A tale of two assholes.
The father is a lovable asshole and the son is an unlikable asshole. This story is about their respective journeys toward not being such huge assholes.
This is a big messy book. The author throws everything he's got at this one. And
most of it sticks.
Owen King is a hell of a writer. His dad (Stephen King) and his brother (Joe Hill) are great entertainers, tellers of tales designed for stadium seating, whereas Owen King is more of a writer's writer. The stuff Owen accomplishes (or tries to accomplish) in this book is impressive, page after page of death-defying feats of writerly derring-do. As a writer, you can't help but to read this and think "Huh, I wouldn't have tried that", "I can't believe he pulled that off!", "How'd he do that?", "Good one" and "Oh, wow!"
This book has touching scenes, hilarious scenes, bigger than life characters, real people, and wild, imaginative visions.
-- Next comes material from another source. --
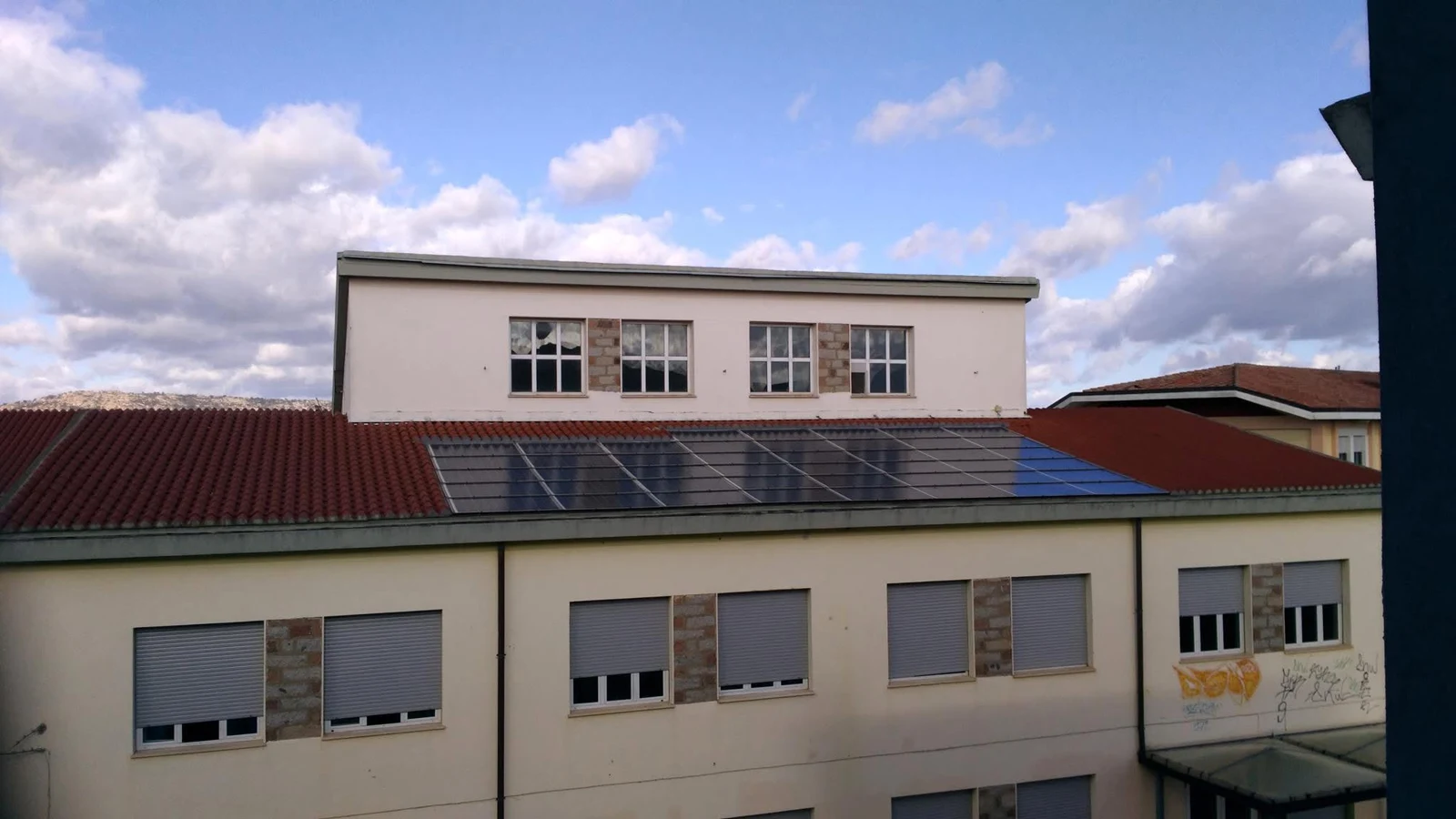 Photovoltaic installation, view 1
It also has a fucking Seinfeld routine grafted onto a sequence in an art house film the main character is filming. This happens early on and I nearly put down the book after reading it. The cheapness, the obviousness of this gag nettled me. It was beneath the author to use it, and even beneath the pathetic writer/director character in the book who penned it in this fictional world.
There are a number of
minor low points in this book, but this 'Seinfeld' thing is the worst. But, because Owen tosses in everything, there will be scenes and lines and characters that detract. It's almost to be expected with a book like this. But believe me when I say
the good far outweighs the bad in this book. And there are elements, many elements, that are truly great.
Booth, for instance. If there is one reason to read this book, it is to experience this ingenious character portrait.
I loved Booth.
The story engine used here is the farce and this novel has many of the goofy trappings of the farce. But I'm not sure that it needed any of that. Some of it worked, some was eye roll-inducing. So, if you're one who can't handle improbable situations, coincidences, broad physical humor, juvenile sight gags, and dick jokes, you might want to steer clear.
Oh, also, if you think this is a horror novel because Stephen King's son wrote it, don't even bother picking it up.
This is not a horror novel.
This is not a horror novel.
This is not a horror novel.
But Owen does throw in an absolutely grand tribute to one of his dad's favorite books,
The Great God Pan. So, even though this one's not horror, I just know Owen's pop was smiling from ear to ear while reading this thing. Man, it's that good.